Caption-style text data:

──────────────────────────────

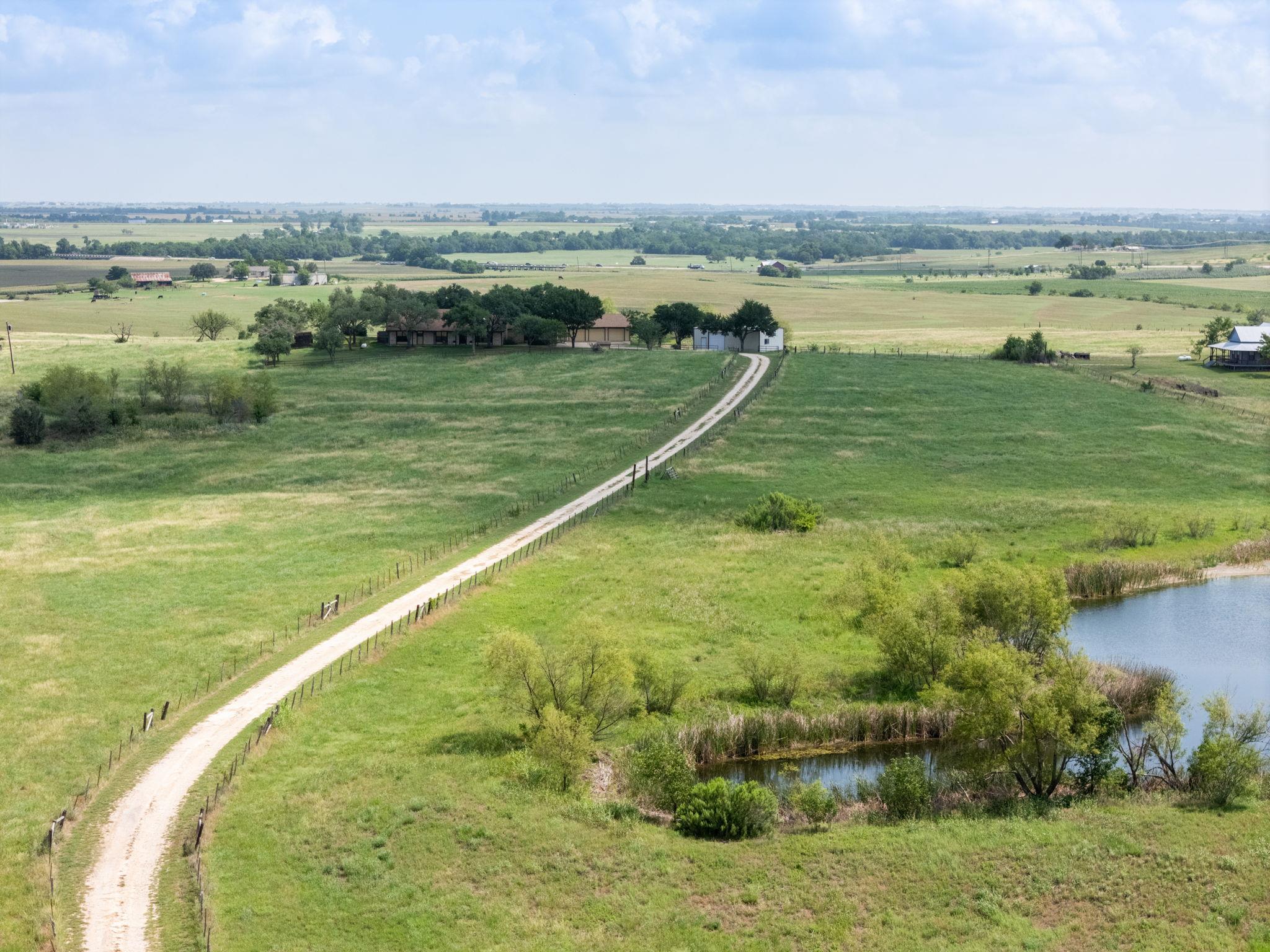 800 County Road 458 Rd, Coupland, TX 78615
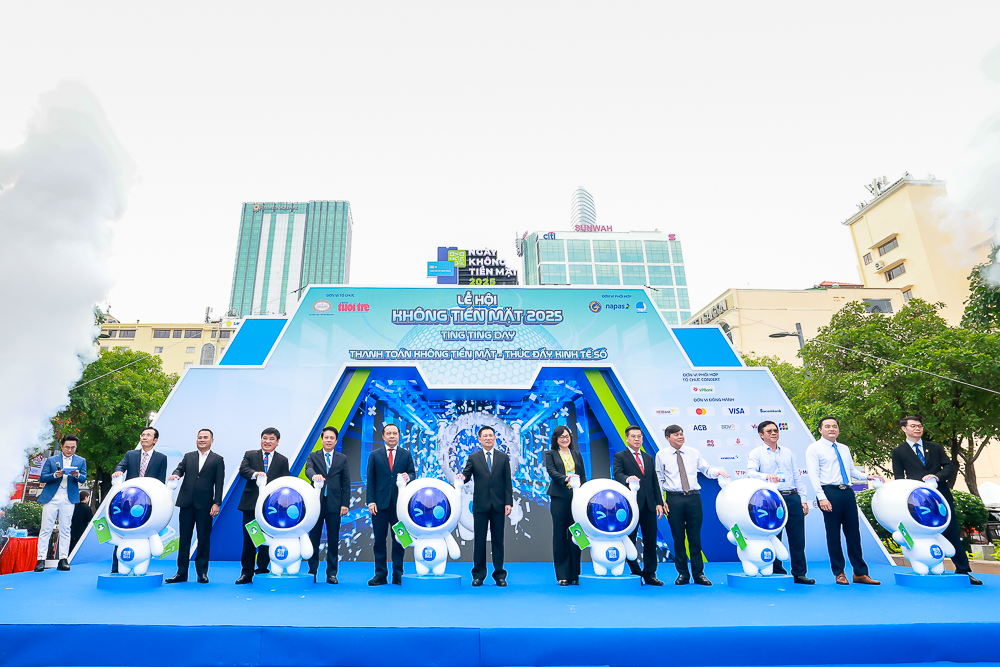 Ngày không tiền mặt 2025: Hàng nghìn khách check-in tại VPBank Cashless City- Ảnh 1. Ngày không tiền mặt 2025: Hàng nghìn khách check-in tại VPBank Cashless City- Ảnh 1.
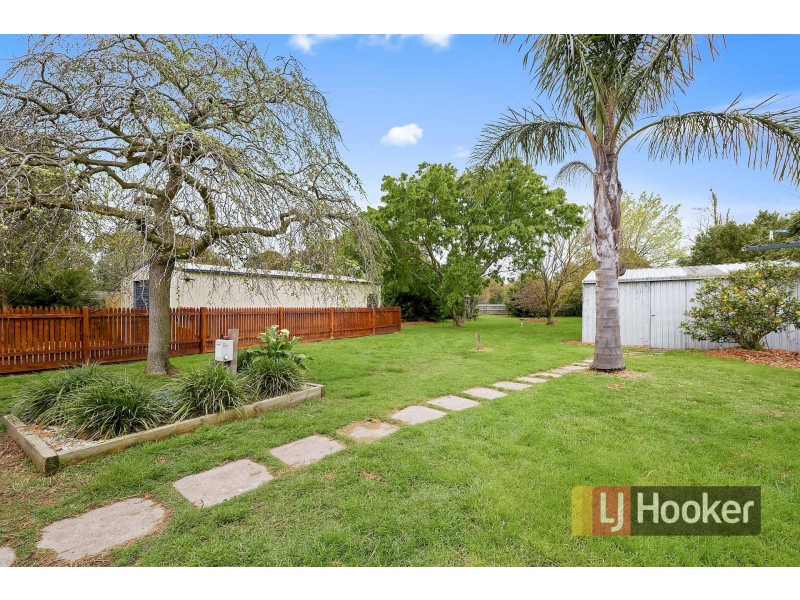 1 Mulcare Street, Nar Nar Goon VIC 3812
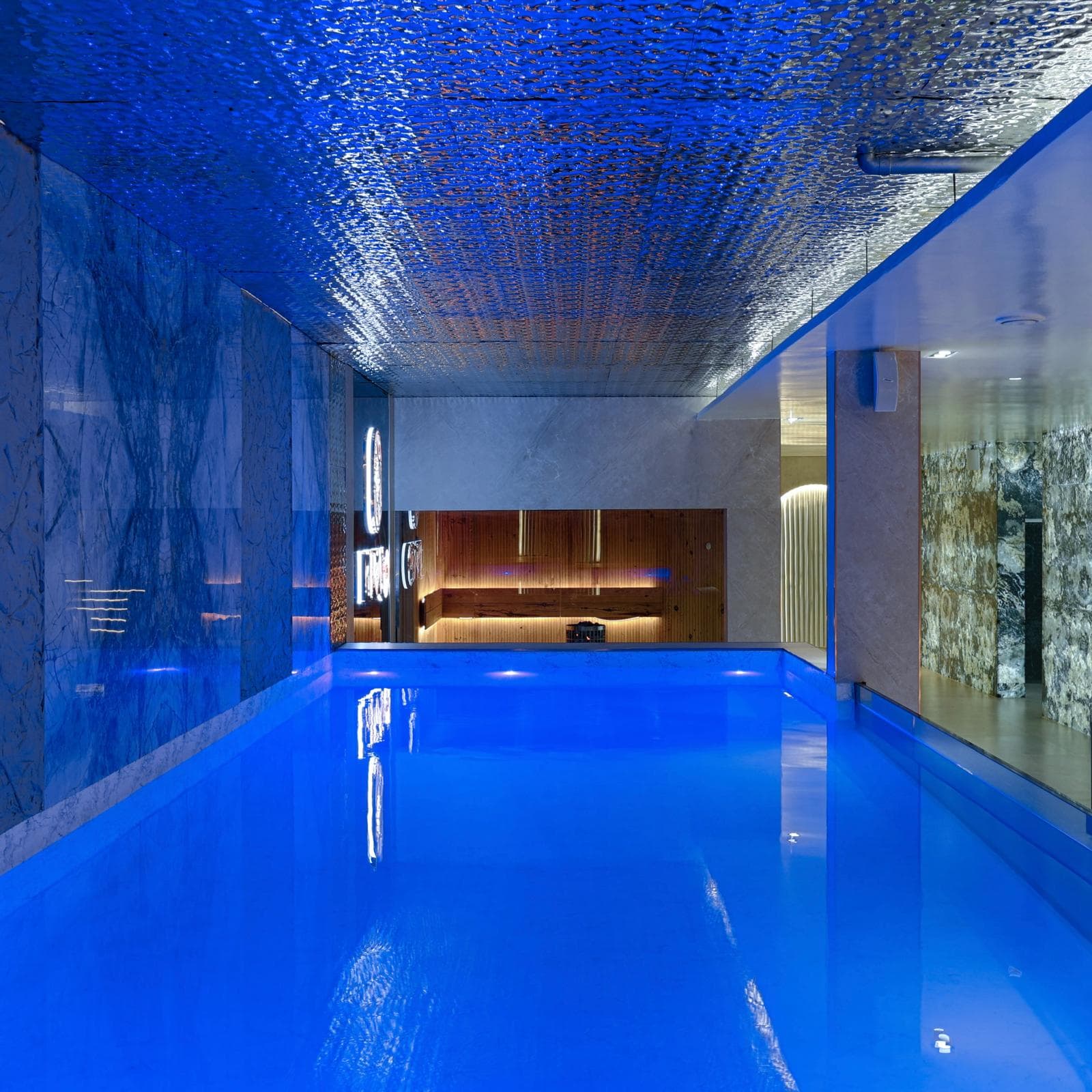 Piscine intérieure en lumière bleue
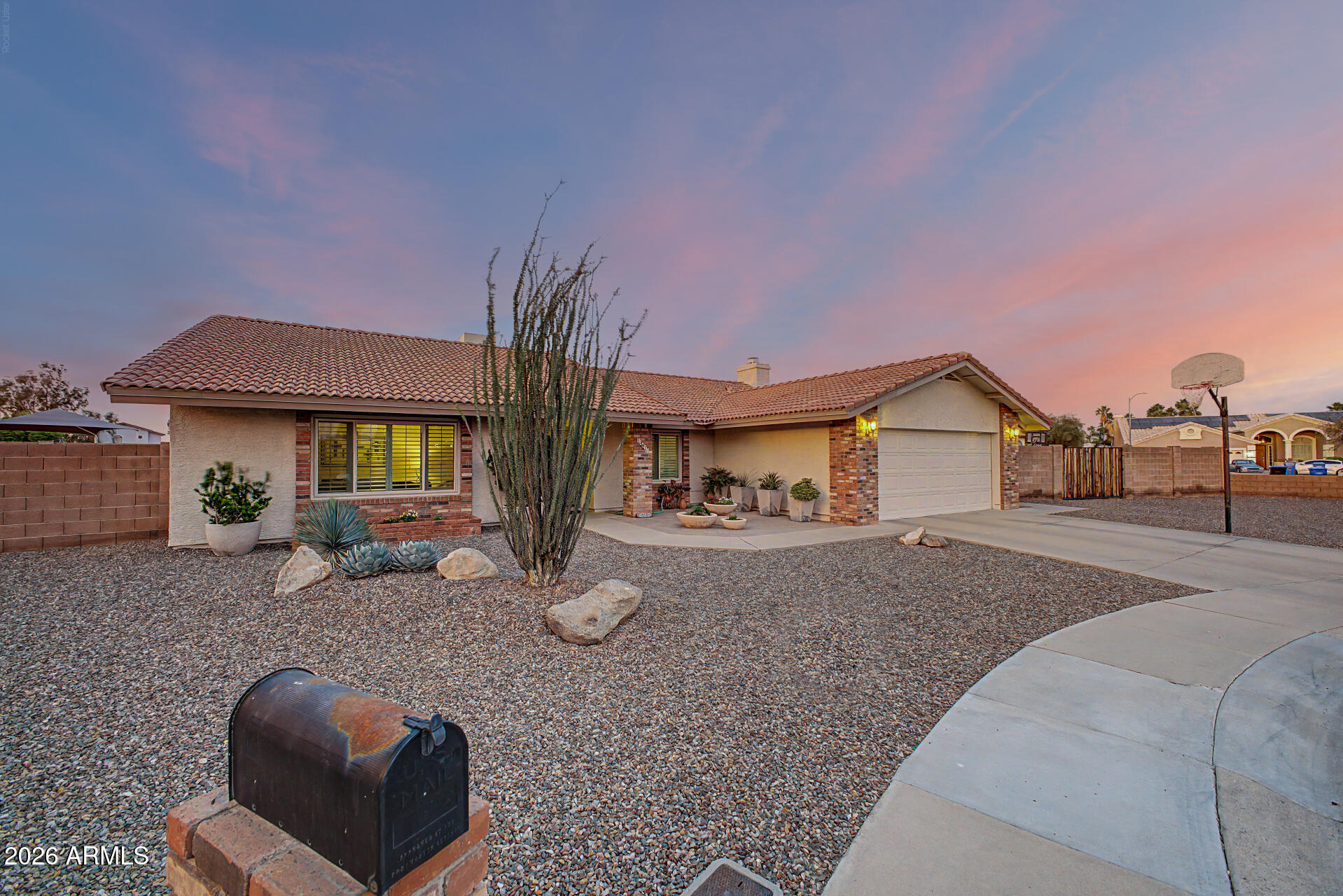 14617 N 47TH Street, Phoenix, AZ 85032 — Photo 1 of 38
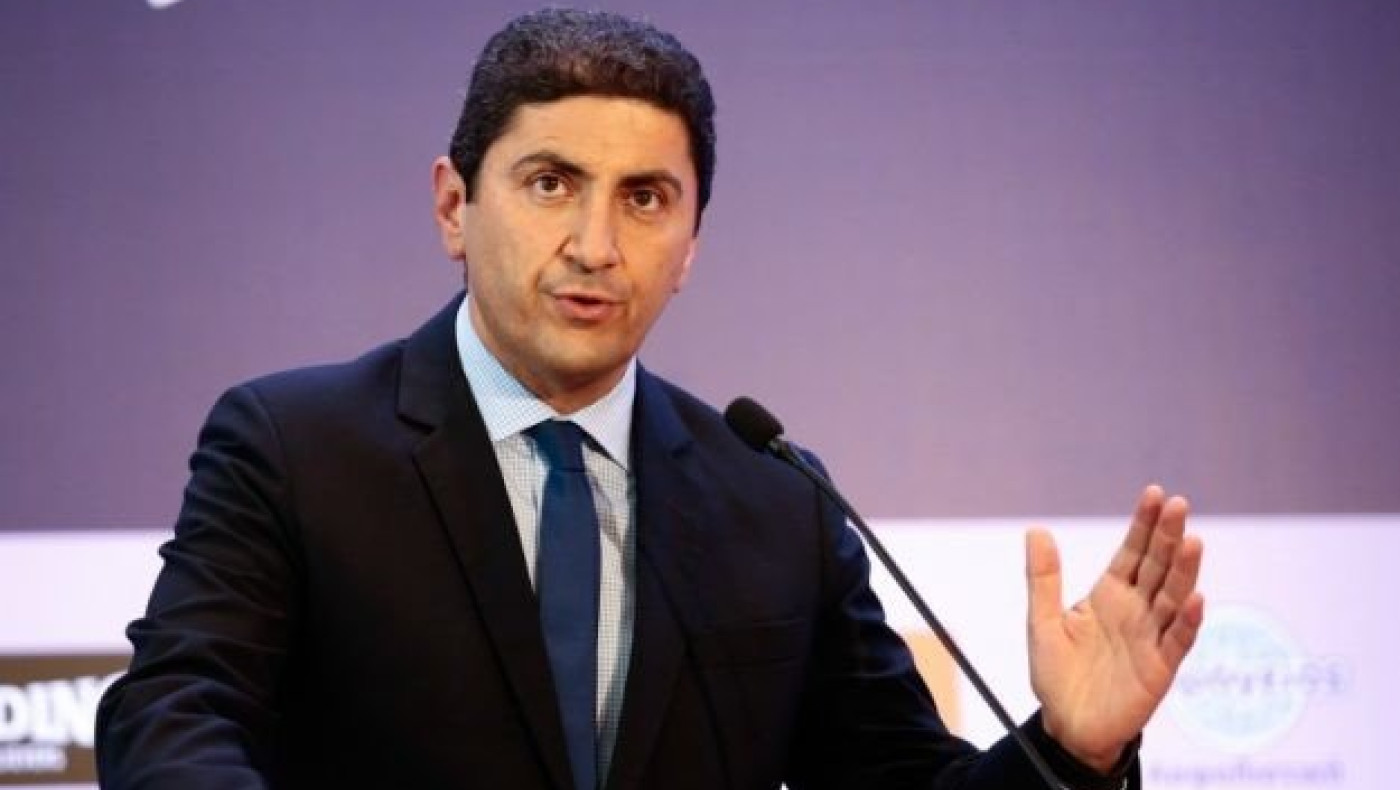 Αυγενάκης σε Δήμους: «Πετάξτε έξω όσες ομάδες δεν είναι στο Μητρώο!»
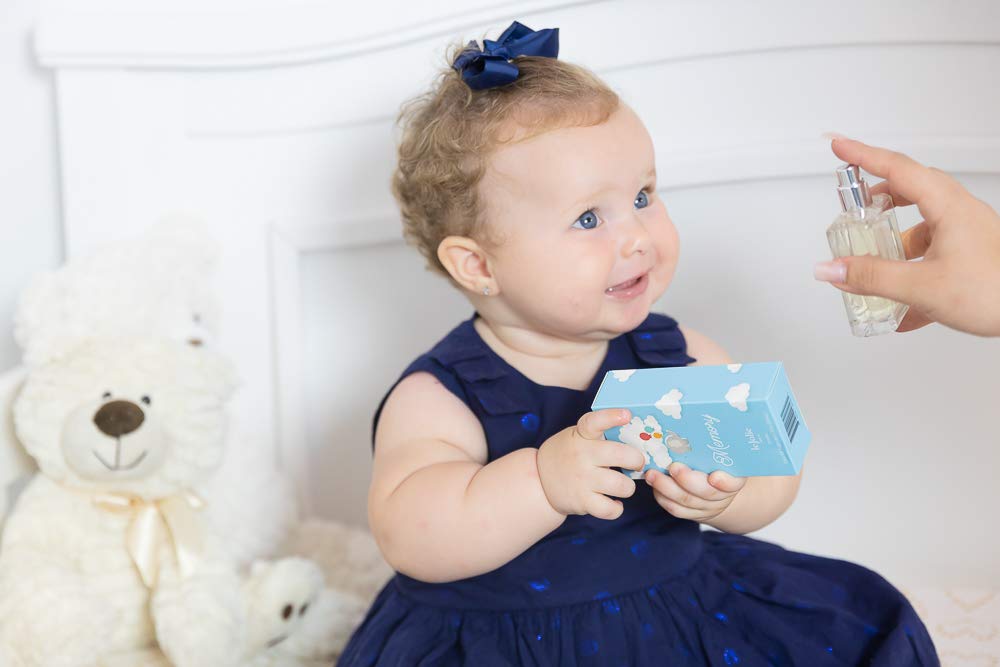 Spray mist from Baby Jolie Memory capturing a soft, comforting aroma for daily routines.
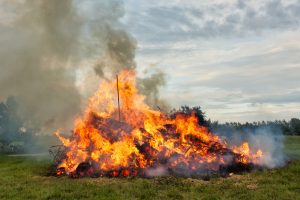 Get a online burn permit for Custer County Montana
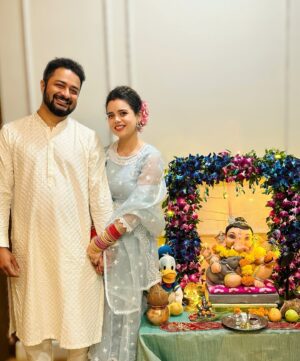 Shruti Kanwar Instagram - Bappa is here to bless us all!✨🌸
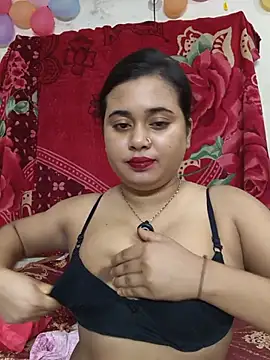 Snapshot of Love_Queen11 chatting on 05-18-26, 05:51 Love Queen11 online show from 05-18-26, 05:51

──────────────────────────────

• **What the task asks**
Your output must consist only of the lines from the line with "Piscine intérieure en lumière bleue" through the final line of the data, both included, reproduced exactly and free of pictures.

• **Written response**
 Piscine intérieure en lumière bleue
 14617 N 47TH Street, Phoenix, AZ 85032 — Photo 1 of 38
 Αυγενάκης σε Δήμους: «Πετάξτε έξω όσες ομάδες δεν είναι στο Μητρώο!»
 Spray mist from Baby Jolie Memory capturing a soft, comforting aroma for daily routines.
 Get a online burn permit for Custer County Montana
 Shruti Kanwar Instagram - Bappa is here to bless us all!✨🌸
 Snapshot of Love_Queen11 chatting on 05-18-26, 05:51 Love Queen11 online show from 05-18-26, 05:51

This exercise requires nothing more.